Confrontation is based on the board game of the same name. You command a squad of warriors fighting against three separate factions, all competing for control of the land. At least, that’s what I think the plot is. A narrator, reading static text on the screen, tells the story in Confrontation. The story is typical fantasy material, with lots of exotically named places and peoples. With no animation or images to bring it to life, though, it’s easy to get lost in all the names, lose track of which faction is fighting whom, who you are or what you’re fighting for.
It’s a problem that comes up constantly during the game, which seems to assume that you’re familiar with the universe from the board game. I felt like I started watching a movie series mid-way through, and was always struggling to figure out what was going on in the plot and who the characters were. It doesn’t help that there were multiple instances of the narrator’s script differing from the on-screen text, which was a distraction when I was trying to read along.
The combat in Confrontation is tactical, so planning is vital to success. The camera can be moved in any direction, allowing you to see enemies up ahead and plan your attack accordingly. Each member of your squad has unique characteristics and spells, suiting them for different styles of combat. With four members in the squad at all times, and more characters to choose from as the game progresses, keeping track of everything can get complicated. Fortunately, Confrontation keeps things simple when it comes to upgrading. Your weapons stay the same throughout the game, and can be upgraded in one of two ways every five levels, provided you have found weapon upgrade points throughout the game. Armor works the same way, and both weapon and armor points are communal, meaning that you can decide which characters to focus your upgrades on. Glyphs can enhance weapon or armor upgrades at each level, and are also shared amongst your team.

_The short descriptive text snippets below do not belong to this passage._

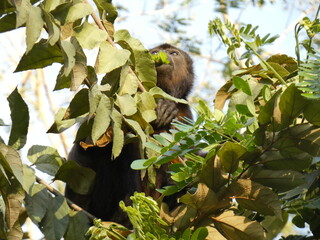 howler monkey eating leaves 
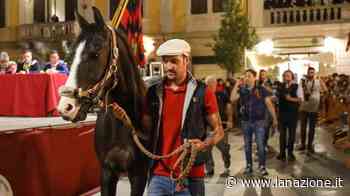 Palio, i giochi di Fucecchio. Boato per Zarck, Atzeni verso S.Andrea - LA NAZIONE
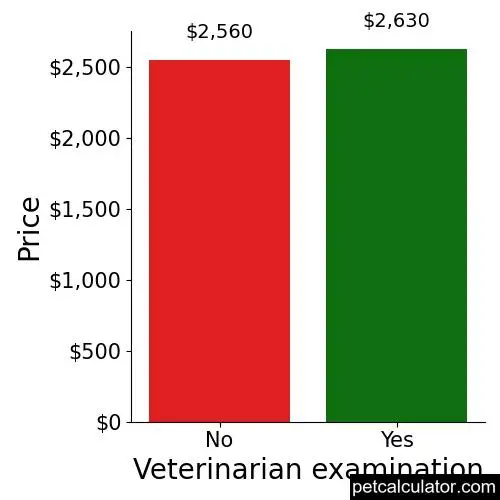 Price of Olde English Bulldogge by Veterinarian examination 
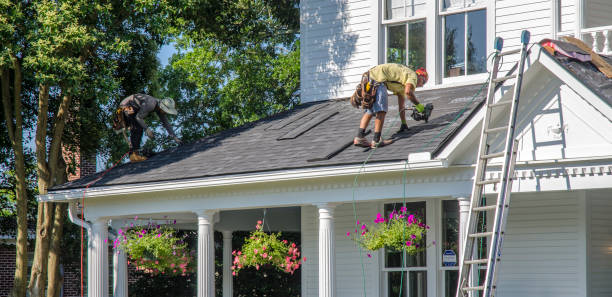 Roof Gutter Cleaning in Burney, CA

Each character has six skills, which will unlock as you level up. Gaining a level produces skill points, as well as traditional attribute points (both character specific), so you can upgrade to suit your style. There’s no notification when you level up, though, so I would occasionally go to the character screen and find that I had a few levels worth of points to distribute that I didn’t know about. Before, or during, combat you can pause the game and lay out your plan of attack, giving each character a set of instructions to carry out. However, since the skills are predetermined and limited in number, I found myself using the same attack patterns for each character in every fight. That got pretty tedious, and I wish that I could have set up macros for frequently used attack combinations.

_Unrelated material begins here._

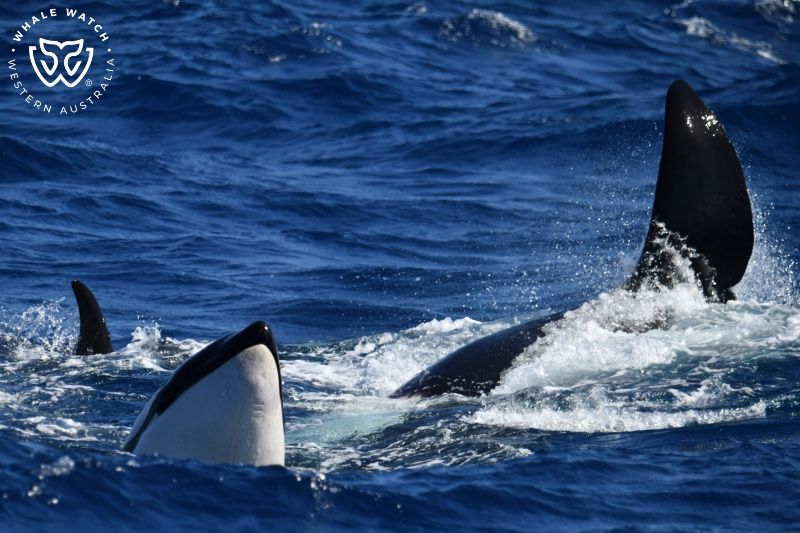 Whale Watch Western Australia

As you progress, you will encounter enemies with magical abilities that, if not countered correctly, will end a fight quickly. After a character is knocked down, they have a period of agony, during which they can be revived by another character. If they are not revived in time, the game ends. There is a quicksave option, and the manual gives good advice when it suggests you use it a lot. Encounters with foes create an entry in the Codex, where you can view enemy types, including the spells they can cast. It’s useful for planning combat, but inexplicably it’s only available from the main menu, meaning that you need to quit your game in order to get information about the enemy you’re having trouble with.
For a game that emphasizes tactical combat, the decision to separate this information from the in-game experience is nothing short of awful. Even when you plan correctly, combat is not a sure thing, as characters will occasionally stop attacking and just absorb punishment until they die, get caught on walls or other characters on their way to a fight, or run in circles for no apparent reason.

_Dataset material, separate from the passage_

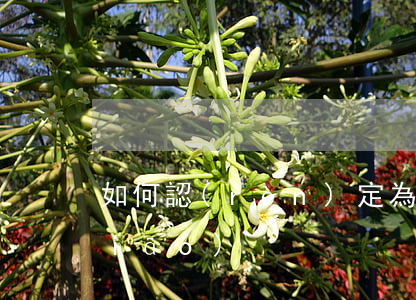 如何認(rèn)定為虛假的工程招標(biāo)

Graphically, Confrontation looks dated, with soft lines and muddy textures. The character and enemy designs are nice, but their execution is dull, which stands out when the camera is pulled in close. Likewise, the environments, particularly indoors, have a flat look to them. Games like this certainly don’t depend on graphics, but it’s worth noting. The sound is solid, with battle and spell effects that sound like they’re straight from a Torchlight or Diablo game. The character voices are terribly annoying, though. The lead character in your party says a phrase every time you move them, and you will move them a lot. To make it worse, there aren’t very many phrases, and they’re the same for all characters. After the 20th or so time hearing “For the temple!” I started searching for the mute button.
Poor execution keeps Confrontation from ever really finding its stride. With an inaccessible story and no loot to serve as motivation, I had no real incentive to press on. In general, the game lacks polish – for example if all of your characters are knocked down, you still need to wait for one of their agony bars to run out before the game ends, even though there is no way for you to revive them. If you’ve never played a tactical RPG before, this game isn’t going to convert you. For those who like the style, better options exist. If you’re a fan of the board game and want to see the world come to life, it’s a passable game, but anyone else should look elsewhere.
Review copy of game provided by publisher.